Virginia Commonwealth University Health System Richmond, VA
Alsiddig Elmahdi, MD1, Vinay Jahagirdar, MD2, Anas Aljabi, MD1, Brian Davis, MD3 1Virginia Commonwealth University Health System, Richmond, VA; 2Virginia Commonwealth University Medical Center, Richmond, VA; 3Medical Director of Liver Transplantation, Hunter Holmes McGuire VA Medical Center, Richmond, VA Introduction: Paroxysmal Nocturnal Hemoglobinuria (PNH) is a rare hematologic disorder characterized by complement-mediated hemolysis and thrombosis. It can also be associated with gastrointestinal symptoms such as dysphagia. This occurs due to hemolysis release of free hemoglobin into the plasma from hemolysis, causing local and systemic nitric oxide depletion. The resulting unopposed smooth muscle contraction causes esophageal spasms and decreased relaxation of the lower esophageal sphincter.
Up to 23% of patients with PNH may have dysphagia. Despite this, there have been few documented cases of dysphagia in this population, and many clinicians fail to recognize it as a common symptom. Here, we demonstrate a classic case of dysphagia in a PNH patient.
Case Description/
Methods: A 77-year-old male with a history of PNH (hemolytic-classic type) presented with a week of dark urine with associated epigastric pain. Admission labs include: Bilirubin 3.4 mg/dL, Creatinine 1.3 mg/dL, Hgb 8.1 g/dL, platelets of 151 g/dL, LDH of 1,073 U/L and a haptoglobin of less than 8 mg/dL. Patient reported worsening solid-food dysphagia and noted that his PNH flares were associated with dysphagia. He was unable to tolerate any PO intake in days prior to presentation. Barium esophagram was performed which demonstrated mild narrowing of the distal esophagus, but the barium tablet was able to easily traverse the GEJ, ruling out a mechanical cause for the dysphagia. A recent EGD, done 1- year prior, was unremarkable.

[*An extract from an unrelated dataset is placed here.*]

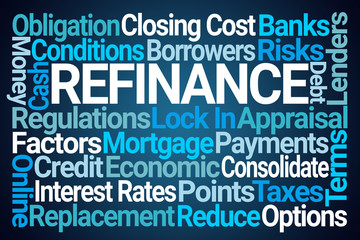 Refinance Word Cloud on Blue Background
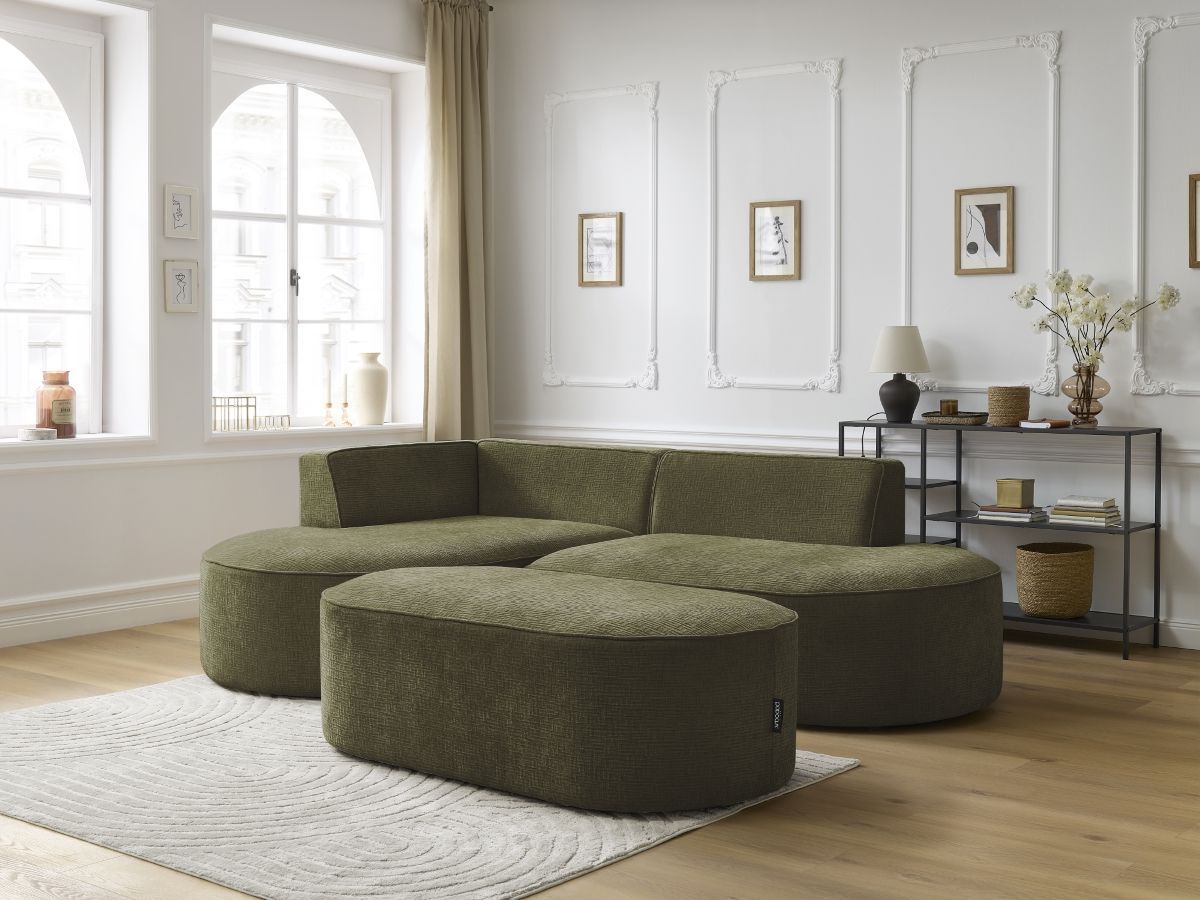 Bobochic Rousseau Ecksofa mit Pouf Strukturstoff Grün Ecke links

Hematology and nephrology were consulted, as the patient went on to develop worsening hemolysis and acute renal failure from his PNH. The patient was urgently started on weekly IV eculizumab. Four days after receiving the first dose, the patient started to show clinical and laboratory improvement (LDH down to 771, haptoglobin up to 60). Patient also noted resolution of dysphagia symptoms, and was able to tolerate a regular diet. Discussion: This case highlights dysphagia as an under-recognized but reversible complication of PNH. Prompt recognition and initiation of complement inhibition with eculizumab not only improves hematologic parameters but can also resolve associated gastrointestinal symptoms, supporting the mechanistic link between hemolysis, nitric oxide depletion, and smooth muscle dystonia in PNH.
Figure: Barium Esophagram without any gross abnormalities, with free passage of contrast via gastroesophageal junction
Figure: Pertinent laboratory values at day zero (prior to initiating Eculizumab) and day five (four days after initiation)
Disclosures: Alsiddig Elmahdi indicated no relevant financial relationships. Vinay Jahagirdar indicated no relevant financial relationships. Anas Aljabi indicated no relevant financial relationships. Brian Davis indicated no relevant financial relationships.
Alsiddig Elmahdi, MD1, Vinay Jahagirdar, MD2, Anas Aljabi, MD1, Brian Davis, MD3. P2898 - A Swallowing Crisis: Dysphagia as a Reversible Manifestation of Paroxysmal Nocturnal Hemoglobinuria Flares, ACG 2025 Annual Scientific Meeting Abstracts. Phoenix, AZ: American College of Gastroenterology.